TÜM İSLAM ESERLERİ YERLE BİR EDİLDİ
Endülüs'te yaşayan Müslümanların bir kısmı Kuzey Afrika'ya göç etmek zorunda kaldı. Ancak asıl çoğunluk Endülüs'te kaldı. Endülüs'te kalanlar, çok zulüm ve işkence gördüler. İslam Medeniyetinin tüm birikimleri yerle bir edildi. Kütüphaneler tarumar edildi, milyonlarca kitap nehirlere atıldı. Bu kitaplardan akan mürekkebin renginden dolayı nehirler günlerce mürekkep renginde aktı. Yüzlerce cami yerle bir edildi. Şu anda ayakta kalan eserler, muhteşem zerafetinden ve görkeminden dolayı, en zalim ve gaddar insanın bile yok etmeyeceği türden eserler. Bunlarda kısmi tahribatlarla katedrale dönüştürüldü. Zorla Hristiyanlaştırılmaya çalışıldılar.
MÜSLÜMANLARA ZULÜM
Milyonlarca Müslüman toplu kıyıma uğratıldı. Endülüs'ü terk etmeyen ve dağlara, köylere sığınan Müslümanlara 'yerlerinden ayrılmayanlar' veya 'zulmette kalanlar' mânâsında 'Müdeccenler' veya 'Müdecceller' denilmekteydi. 1502 senesinde, Endülüs'te kalan Müslümanlar, zorla Hristiyanlığı kabul etmek zorunda bırakıldılar.
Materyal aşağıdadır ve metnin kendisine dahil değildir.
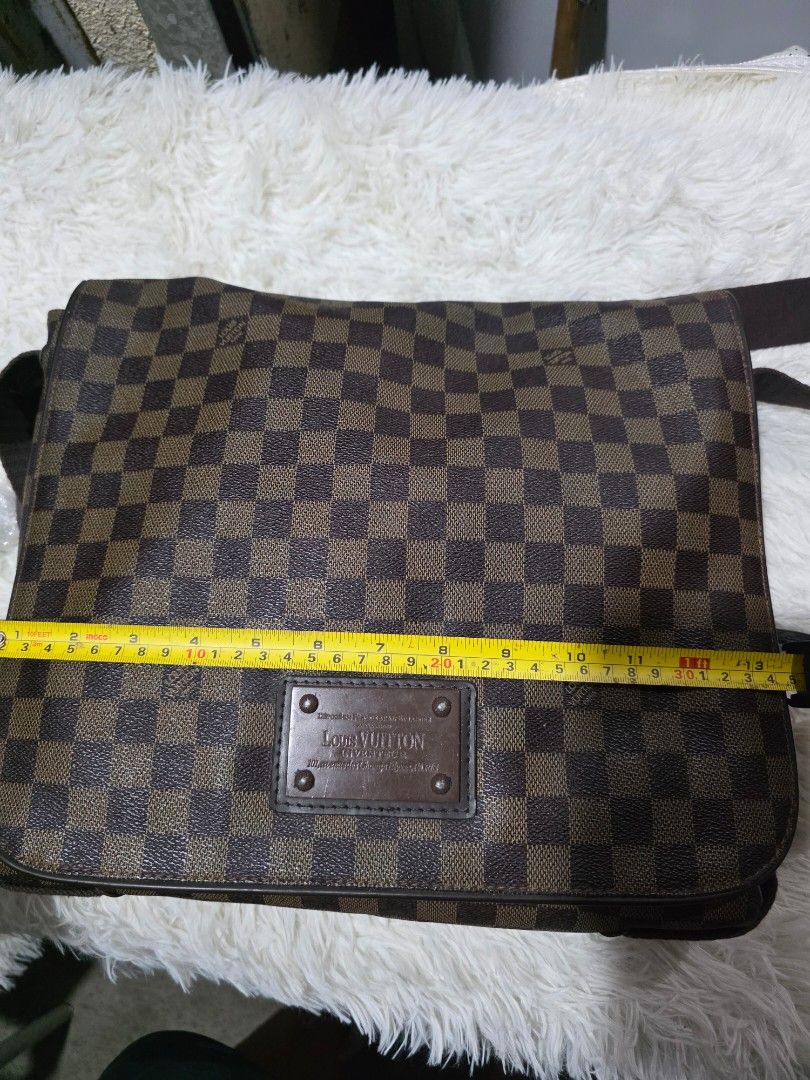Louis Vuitton Damier Ebene Canvas Messenger Bag (Category: Luxury Bags & Wallets) located in Lemery. Submitted by venus23 (Listing ID 1459030343, Image 2). Description: - Louis Vuitton messenger bag - Classic Damier Ebene canvas - Spacious interior for daily essentials - Secure zipper closure - Adjustable strap for comfortable wear - Timeless piece for everyday use - Please check photos for condition details.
Görünüşte Hristiyan olan, ancak gerçekte İslâmiyet'i bırakmayan Endülüslülere 'Morisko' denilmekteydi. Bir Morisko, eğer domuz eti yemezse, Cuma günü evini temizlerse, çocuğuna Müslüman ismini verirse, 'Allah' veya 'Muhammed' derse, Ramazan ayında kendine sunulan bir yemeği yemezse, Arapça konuşursa ya da yatak odasında haç bulundurmazsa engizisyon mahkemesine sevk ediliyordu.
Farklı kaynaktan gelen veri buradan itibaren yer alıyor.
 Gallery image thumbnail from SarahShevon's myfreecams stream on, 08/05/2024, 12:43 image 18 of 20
Tarihte eşi benzeri görülmemiş ve burada yazmakla sayfalara sığamayacak kadar çok maddî-mânevî işkence gören Endülüslü Müslümanlar, 1568-1570 seneleri arasında ayaklandılar. Ancak bir netice elde edemediler. En son 1609 senesinde İspanya Krallığı Müslümanları ülkeden çıkarmak için bir sürgün fermanı yayınladı. Yaklaşık beş yüz bin Müslüman beş sene içerisinde İspanya'nın dışına çıkartıldılar. Mallarına ve mülklerine el konuldu. Bir kısmı sürgün esnasında hayatını kaybetti. Müslümanlarla aynı akıbete düçar olan Yahudiler de Osmanlı'nın himayesine sığındılar. Endülüslü Müslümanların çok küçük bir grubu Osmanlı'ya sığındı. Büyük bir kısmı Kuzey Afrika'ya yerleşti. Bir kısmı da Fransa ve İtalya üzerinden geçerek İstanbul, Bursa, Adana, Belgrad ve Selanik gibi Osmanlı şehirlerine yerleştiler. Sultan 1. Ahmed, İstanbul'a gelen Endülüslü Müslümanları Galata semtine yerleştirmiştir.